Translation Standards

Translation Standards

 For this publication of the English version, the translation was conducted according to the following standards.

1. While proceeding with the basic goal of providing a translation that accurately reflects the original source material, efforts are also being made to employ terms and expressions that will help make the contents more accessible to non-Japanese readers who may not be familiar with specific details of Japanese culture and history, especially those relating to Nagasaki. For this reason, in some instances additional explanatory descriptions have been added to the original source material.

2. To provide a translation that will meet academic standards, material excerpted from other sources will be cited in detail, in as much as this is possible. Excerpts from English publications which were translated into Japanese for use in the source material have been reprinted in the original English whenever possible. For instances when the original publications could not be located, these passages have been translated back into English.

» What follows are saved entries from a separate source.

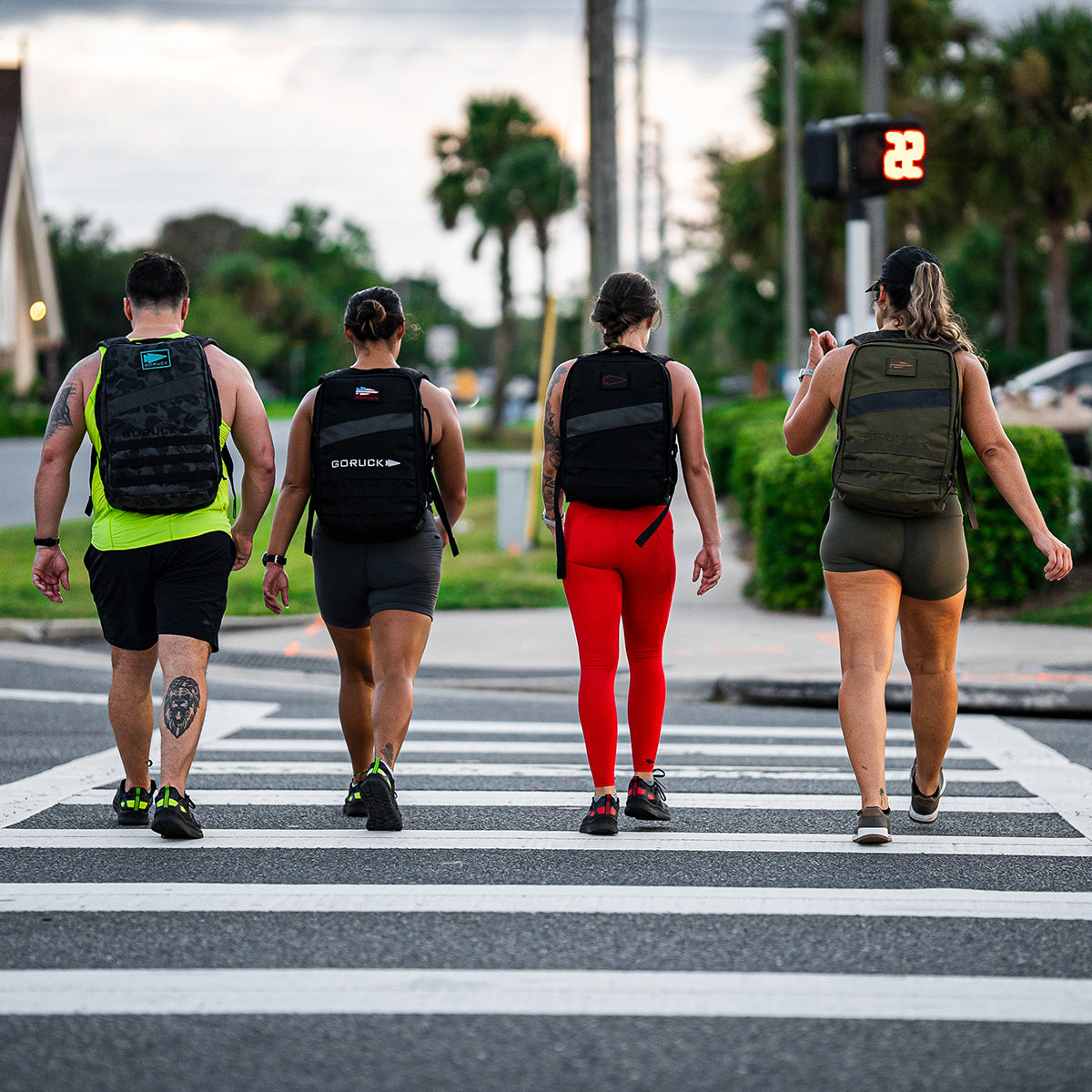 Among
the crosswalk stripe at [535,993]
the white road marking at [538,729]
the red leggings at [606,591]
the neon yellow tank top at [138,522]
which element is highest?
the neon yellow tank top at [138,522]

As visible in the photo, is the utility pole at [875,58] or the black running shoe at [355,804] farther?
the utility pole at [875,58]

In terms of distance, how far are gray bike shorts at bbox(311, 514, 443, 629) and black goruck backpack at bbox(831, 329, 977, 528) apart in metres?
1.47

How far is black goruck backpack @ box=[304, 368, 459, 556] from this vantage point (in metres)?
5.31

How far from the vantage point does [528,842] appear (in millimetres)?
5230

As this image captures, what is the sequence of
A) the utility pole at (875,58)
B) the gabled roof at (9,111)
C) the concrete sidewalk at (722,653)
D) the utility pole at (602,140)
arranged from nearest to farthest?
Result: the concrete sidewalk at (722,653) → the utility pole at (875,58) → the utility pole at (602,140) → the gabled roof at (9,111)

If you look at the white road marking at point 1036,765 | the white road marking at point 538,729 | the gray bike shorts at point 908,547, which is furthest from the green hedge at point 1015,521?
the gray bike shorts at point 908,547

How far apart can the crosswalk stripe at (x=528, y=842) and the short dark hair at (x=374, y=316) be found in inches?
69.1

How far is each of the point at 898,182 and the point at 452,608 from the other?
4.86 m

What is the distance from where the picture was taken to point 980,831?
5.39m

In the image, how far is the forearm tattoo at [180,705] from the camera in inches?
204

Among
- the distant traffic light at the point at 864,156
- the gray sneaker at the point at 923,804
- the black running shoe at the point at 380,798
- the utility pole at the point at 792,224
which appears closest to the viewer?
the black running shoe at the point at 380,798

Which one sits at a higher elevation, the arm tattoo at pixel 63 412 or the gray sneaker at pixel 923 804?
the arm tattoo at pixel 63 412

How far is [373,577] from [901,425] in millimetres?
1885

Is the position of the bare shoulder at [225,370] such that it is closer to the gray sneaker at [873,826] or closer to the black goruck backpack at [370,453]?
the black goruck backpack at [370,453] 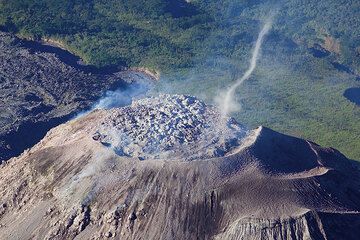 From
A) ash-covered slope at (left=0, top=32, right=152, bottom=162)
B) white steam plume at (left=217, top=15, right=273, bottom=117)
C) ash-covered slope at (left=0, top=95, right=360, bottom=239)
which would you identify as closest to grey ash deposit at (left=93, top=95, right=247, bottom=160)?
ash-covered slope at (left=0, top=95, right=360, bottom=239)

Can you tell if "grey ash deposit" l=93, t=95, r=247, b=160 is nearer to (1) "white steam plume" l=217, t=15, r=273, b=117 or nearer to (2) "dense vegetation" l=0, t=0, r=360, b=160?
(1) "white steam plume" l=217, t=15, r=273, b=117

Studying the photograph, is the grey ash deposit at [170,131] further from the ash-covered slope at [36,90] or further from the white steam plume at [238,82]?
the ash-covered slope at [36,90]

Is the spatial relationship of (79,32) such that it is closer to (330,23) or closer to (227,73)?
(227,73)

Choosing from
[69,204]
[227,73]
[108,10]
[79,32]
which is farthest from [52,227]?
[108,10]

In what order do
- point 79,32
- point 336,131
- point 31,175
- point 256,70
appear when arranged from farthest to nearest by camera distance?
1. point 79,32
2. point 256,70
3. point 336,131
4. point 31,175

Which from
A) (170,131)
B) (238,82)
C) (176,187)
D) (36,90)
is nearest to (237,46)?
(238,82)

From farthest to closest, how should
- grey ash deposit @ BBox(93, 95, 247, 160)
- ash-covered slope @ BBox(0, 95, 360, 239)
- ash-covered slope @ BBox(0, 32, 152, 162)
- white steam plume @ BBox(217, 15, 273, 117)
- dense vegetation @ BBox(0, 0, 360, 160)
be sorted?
1. dense vegetation @ BBox(0, 0, 360, 160)
2. white steam plume @ BBox(217, 15, 273, 117)
3. ash-covered slope @ BBox(0, 32, 152, 162)
4. grey ash deposit @ BBox(93, 95, 247, 160)
5. ash-covered slope @ BBox(0, 95, 360, 239)

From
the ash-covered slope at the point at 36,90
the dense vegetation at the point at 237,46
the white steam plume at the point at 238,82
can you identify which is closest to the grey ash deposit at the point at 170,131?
the white steam plume at the point at 238,82
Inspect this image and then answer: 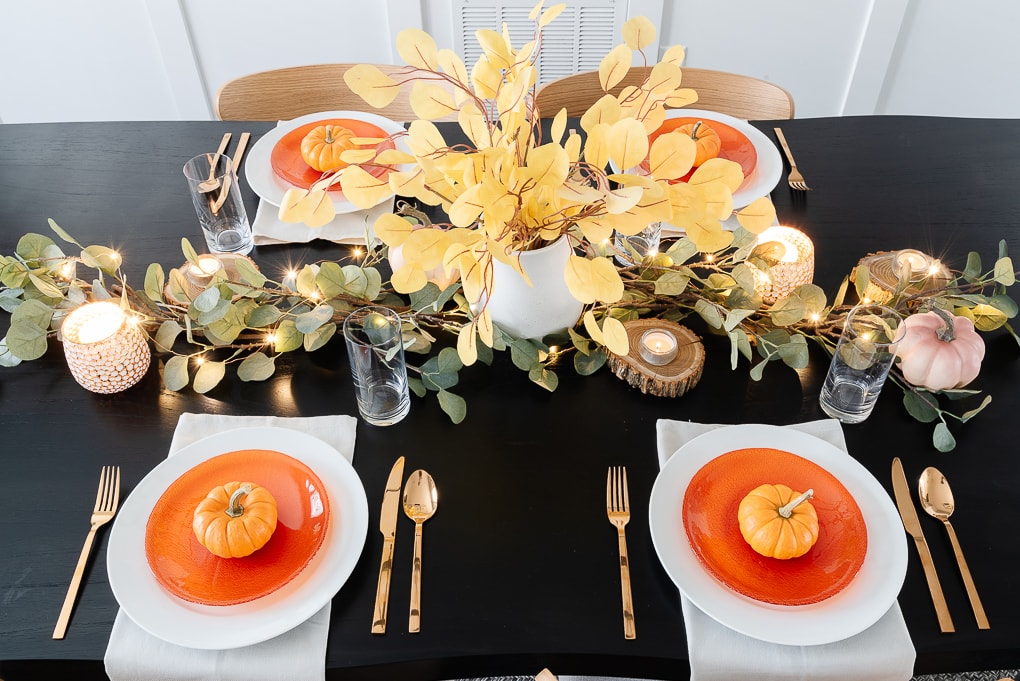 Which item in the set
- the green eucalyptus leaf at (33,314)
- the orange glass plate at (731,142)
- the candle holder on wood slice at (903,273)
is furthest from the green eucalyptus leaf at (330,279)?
the candle holder on wood slice at (903,273)

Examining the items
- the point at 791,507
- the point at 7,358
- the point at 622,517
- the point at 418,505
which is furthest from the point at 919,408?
the point at 7,358

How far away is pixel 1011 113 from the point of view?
2.67 meters

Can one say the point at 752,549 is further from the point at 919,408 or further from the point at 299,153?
the point at 299,153

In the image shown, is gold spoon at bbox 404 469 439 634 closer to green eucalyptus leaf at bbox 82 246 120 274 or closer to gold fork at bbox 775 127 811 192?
green eucalyptus leaf at bbox 82 246 120 274

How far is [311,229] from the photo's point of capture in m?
1.30

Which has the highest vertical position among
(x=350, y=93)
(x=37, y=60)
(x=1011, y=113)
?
(x=350, y=93)

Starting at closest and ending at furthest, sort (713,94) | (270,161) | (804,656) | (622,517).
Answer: (804,656) < (622,517) < (270,161) < (713,94)

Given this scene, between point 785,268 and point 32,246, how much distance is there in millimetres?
1061

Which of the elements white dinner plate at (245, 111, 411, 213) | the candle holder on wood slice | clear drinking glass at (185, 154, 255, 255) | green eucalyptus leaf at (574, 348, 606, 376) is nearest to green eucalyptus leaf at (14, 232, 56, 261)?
clear drinking glass at (185, 154, 255, 255)

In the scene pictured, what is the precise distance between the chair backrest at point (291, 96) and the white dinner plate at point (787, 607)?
1.11m

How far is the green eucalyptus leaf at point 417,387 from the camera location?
3.44ft

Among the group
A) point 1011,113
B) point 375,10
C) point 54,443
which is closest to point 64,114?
point 375,10

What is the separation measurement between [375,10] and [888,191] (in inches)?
64.7

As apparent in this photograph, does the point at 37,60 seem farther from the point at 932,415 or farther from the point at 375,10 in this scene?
the point at 932,415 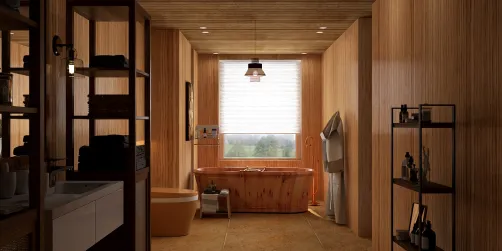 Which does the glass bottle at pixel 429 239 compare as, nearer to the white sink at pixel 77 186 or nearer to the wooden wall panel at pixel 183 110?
the white sink at pixel 77 186

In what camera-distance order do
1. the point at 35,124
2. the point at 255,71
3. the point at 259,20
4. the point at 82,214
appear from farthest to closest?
the point at 255,71 → the point at 259,20 → the point at 82,214 → the point at 35,124

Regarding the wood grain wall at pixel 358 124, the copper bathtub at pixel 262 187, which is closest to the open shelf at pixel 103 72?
the wood grain wall at pixel 358 124

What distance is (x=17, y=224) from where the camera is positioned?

3. All terms are written as they appear in the American lexicon. (The proper noun World War I, for example.)

4. As the source material was published on the sixtieth anniversary of the atomic bombing, expressions such as “”Sixty years ago”, “_ _ years from (the date of publication)” and “_ _ years (to the present day)” were used within. For this translation, such expressions have been revised, so that “The atomic bombing of sixty years ago,” for example, has been replaced with “The atomic bombing of 1945.”

5. Japanese names are written in the order they appear in Japanese, with the surname followed by the given name.

6. Efforts were made to investigate the correct readings for all Japanese personal names, but in cases where confirmation could not be made we have used the readings considered most likely.

7. Italics are used for Japanese nouns that are to be read according to Japanese pronunciation (Nagasaki shisei rokujūgonenshi, for example), and macrons are used as needed for Japanese place names and personal names.